* ACTION ITEM:
Every entry must come back exactly as it was given.

* RECORDS FOR THE EXERCISE:
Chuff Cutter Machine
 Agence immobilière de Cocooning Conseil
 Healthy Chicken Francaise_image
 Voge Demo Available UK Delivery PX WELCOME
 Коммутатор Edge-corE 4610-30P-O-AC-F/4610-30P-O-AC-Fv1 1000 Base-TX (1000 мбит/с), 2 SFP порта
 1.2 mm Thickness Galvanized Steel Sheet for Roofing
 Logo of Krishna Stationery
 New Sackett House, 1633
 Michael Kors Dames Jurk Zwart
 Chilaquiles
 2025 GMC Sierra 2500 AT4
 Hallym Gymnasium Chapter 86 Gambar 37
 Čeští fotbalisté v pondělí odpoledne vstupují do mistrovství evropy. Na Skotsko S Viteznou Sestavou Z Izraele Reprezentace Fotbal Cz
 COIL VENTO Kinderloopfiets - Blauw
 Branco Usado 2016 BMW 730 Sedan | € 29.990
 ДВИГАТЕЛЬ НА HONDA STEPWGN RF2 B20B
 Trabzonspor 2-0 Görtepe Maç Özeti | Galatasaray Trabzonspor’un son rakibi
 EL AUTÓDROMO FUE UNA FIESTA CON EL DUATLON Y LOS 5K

* RESPONSE TO THIS EXERCISE:
Chuff Cutter Machine
 Agence immobilière de Cocooning Conseil
 Healthy Chicken Francaise_image
 Voge Demo Available UK Delivery PX WELCOME
 Коммутатор Edge-corE 4610-30P-O-AC-F/4610-30P-O-AC-Fv1 1000 Base-TX (1000 мбит/с), 2 SFP порта
 1.2 mm Thickness Galvanized Steel Sheet for Roofing
 Logo of Krishna Stationery
 New Sackett House, 1633
 Michael Kors Dames Jurk Zwart
 Chilaquiles
 2025 GMC Sierra 2500 AT4
 Hallym Gymnasium Chapter 86 Gambar 37
 Čeští fotbalisté v pondělí odpoledne vstupují do mistrovství evropy. Na Skotsko S Viteznou Sestavou Z Izraele Reprezentace Fotbal Cz
 COIL VENTO Kinderloopfiets - Blauw
 Branco Usado 2016 BMW 730 Sedan | € 29.990
 ДВИГАТЕЛЬ НА HONDA STEPWGN RF2 B20B
 Trabzonspor 2-0 Görtepe Maç Özeti | Galatasaray Trabzonspor’un son rakibi
 EL AUTÓDROMO FUE UNA FIESTA CON EL DUATLON Y LOS 5K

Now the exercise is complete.